0
votes

I want to load a large CSV file to my cassandra cluster (1 node at this moment).

Basing on: http://www.datastax.com/dev/blog/using-the-cassandra-bulk-loader-updated
My data is transformed by CQLSSTableWriter to SSTables files, then I use SSTableLoader to load that SSTables to a cassandra table already containing some data.

That CSV file contains various partition keys.
Now lets assume that multi-node cassandra cluser is used.

My questions:
1) Is the loading procedure that I use correct in case of multinode cluster?
2) Will that SSTable files be splitted by SSTableLoader and send to nodes responsible for the specific partition keys?

Thank you

2
How big is your CSV file? - Raman Yelianevich
Lets assume that my CSV has 100*10^6 rows - I mean that it is a quite big file and using CQLSH COPY command is not recommended (as described here: datastax.com/documentation/cql/3.1/cql/cql_reference/…) "COPY FROM is intended for importing small datasets (a few million rows or less) into Cassandra. For importing larger datasets, use the Cassandra bulk loader." - fuggy_yama
I use Cassandra v2.0.11 - fuggy_yama

2 Answers

1
votes

1) Loading into a single-node cluster or 100-node cluster is the same. The only difference is that the data will be distributed around the ring if you have a multi-node cluster. The node where you run sstableloader becomes the coordinator (as @rtumaykin already stated) and will send the writes to the appropriate nodes.

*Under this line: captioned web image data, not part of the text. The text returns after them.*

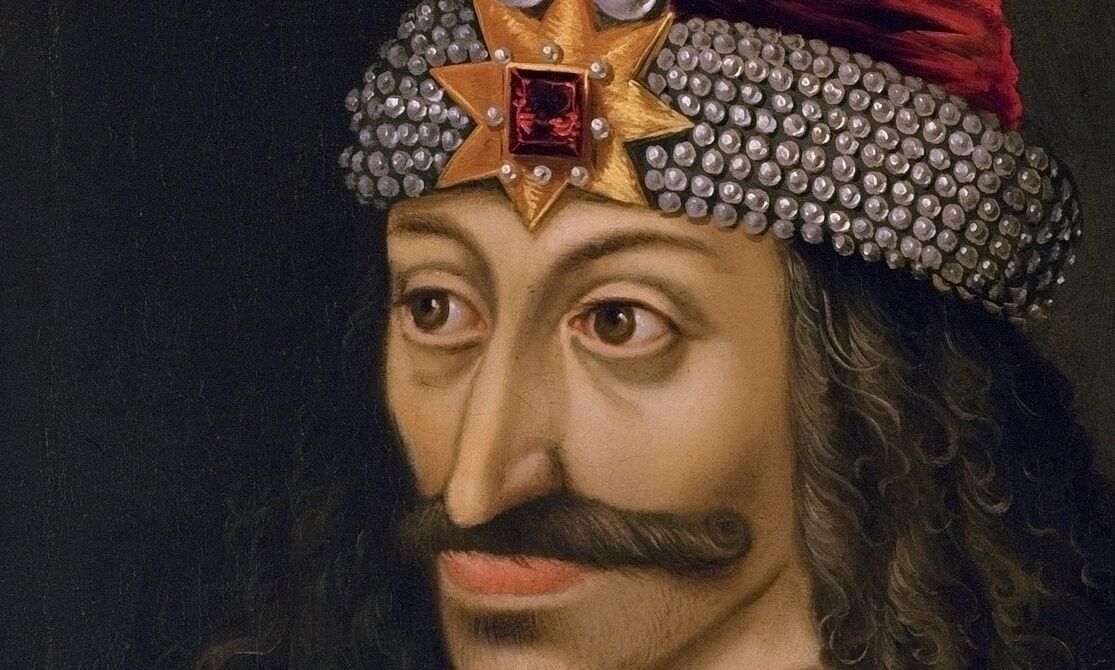 Vlad the Impaler may have cried tears of blood, study finds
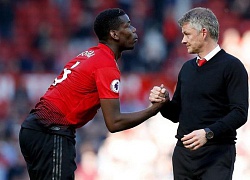 Paul Pogba sẽ ra sân trong trận đại chiến với Tottenham?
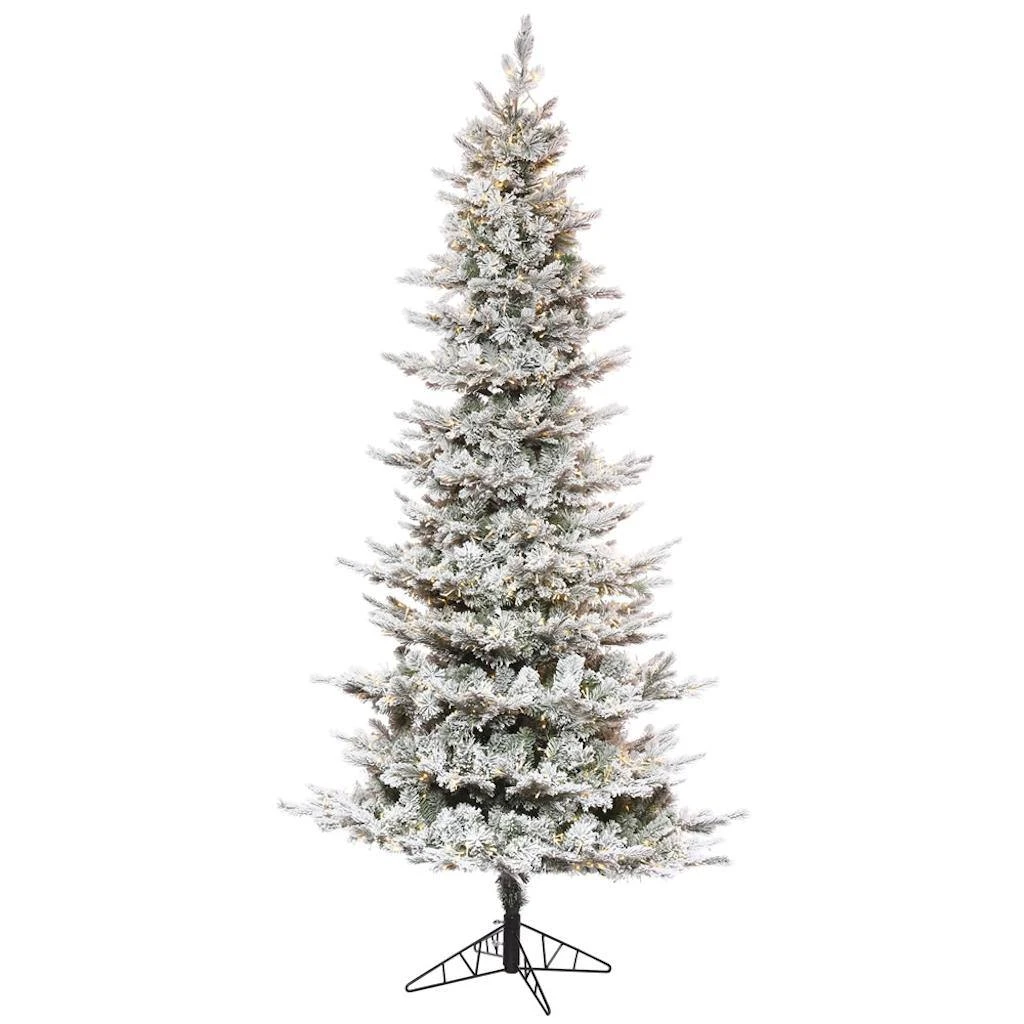 Vickerman Prelit Artificial Christmas Tree (498309) 3 Vickerman Prelit Artificial Christmas Tree (498309)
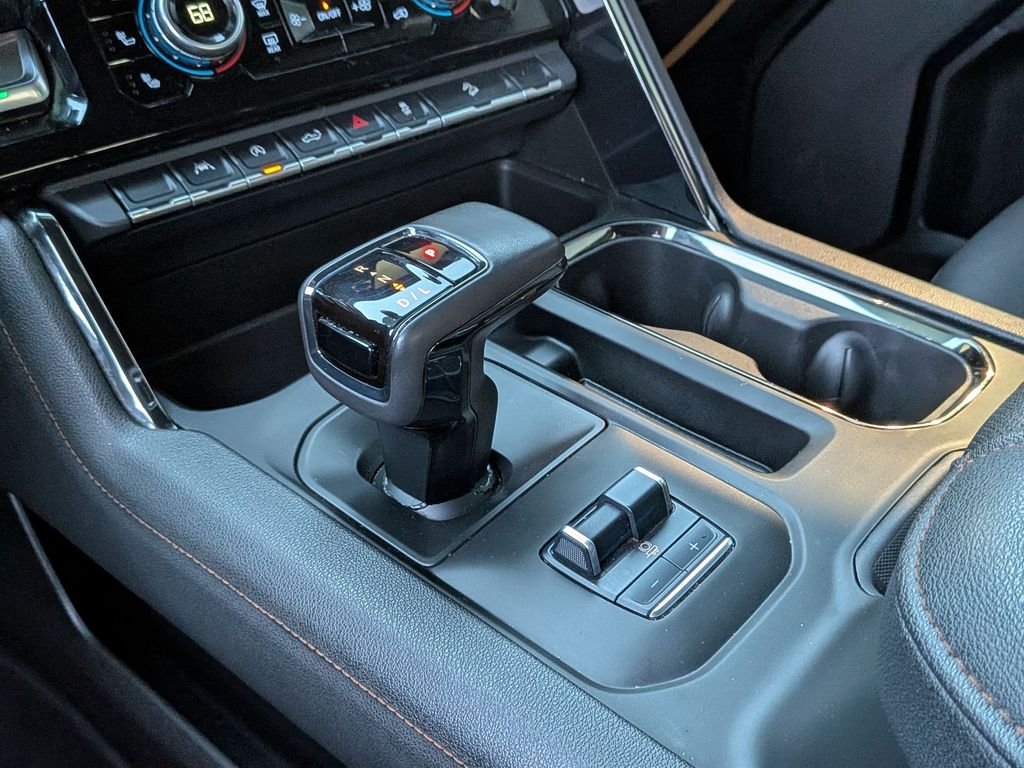 Used 2022 Beige GMC AT4 image 19
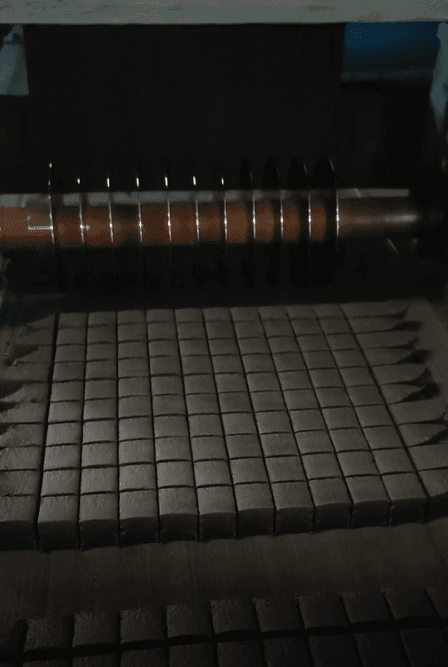 Product Manufacturing Cube Type 25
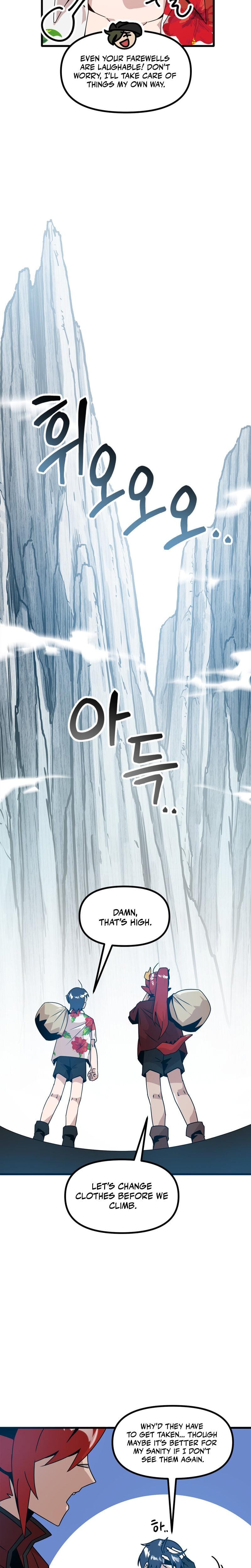 Sexy Dynamite Dungeon Uncensored, chapter 9, page 25 of 29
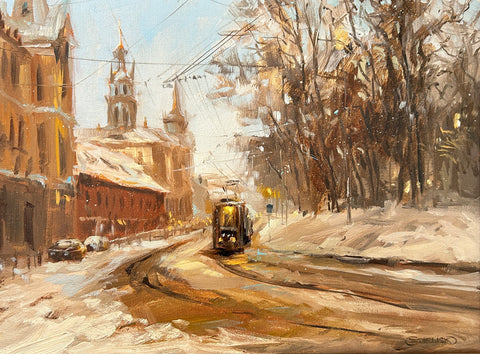 Somber City - Arts and Heritage St. Albert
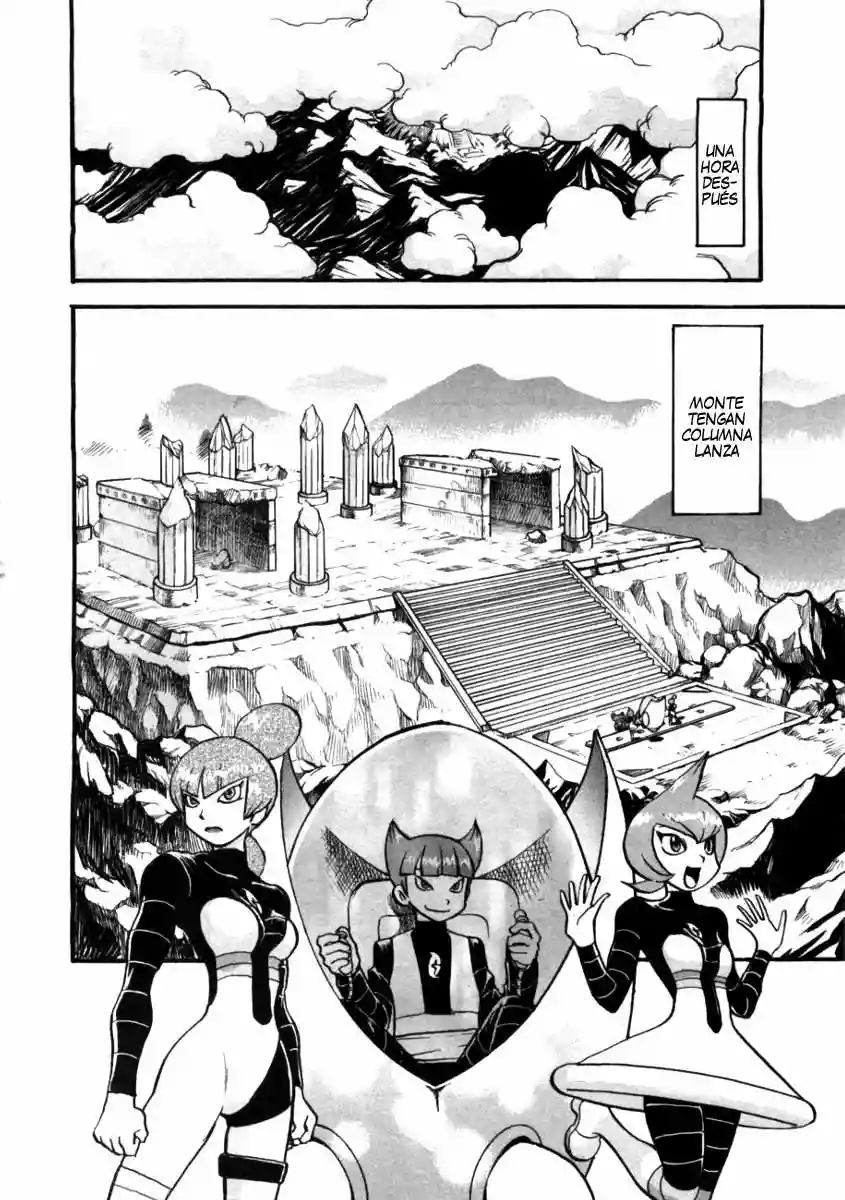 Pokémon Special Capítulo 410 - Page 18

2) No. As in my response above, the "splitting" is done by the coordinator. Think of the sstableloader utility as just another instance of a client sending writes to the cluster.

3) In response to your follow-up question, the sstableloader utility is not sending files to nodes but sending writes of the rows contained in those SSTables. The sstableloader reads the data and sends write requests to the cluster.

1
votes
  1. Yes
  2. It will be actually done by the coordinator node, not by the SSTableLoader.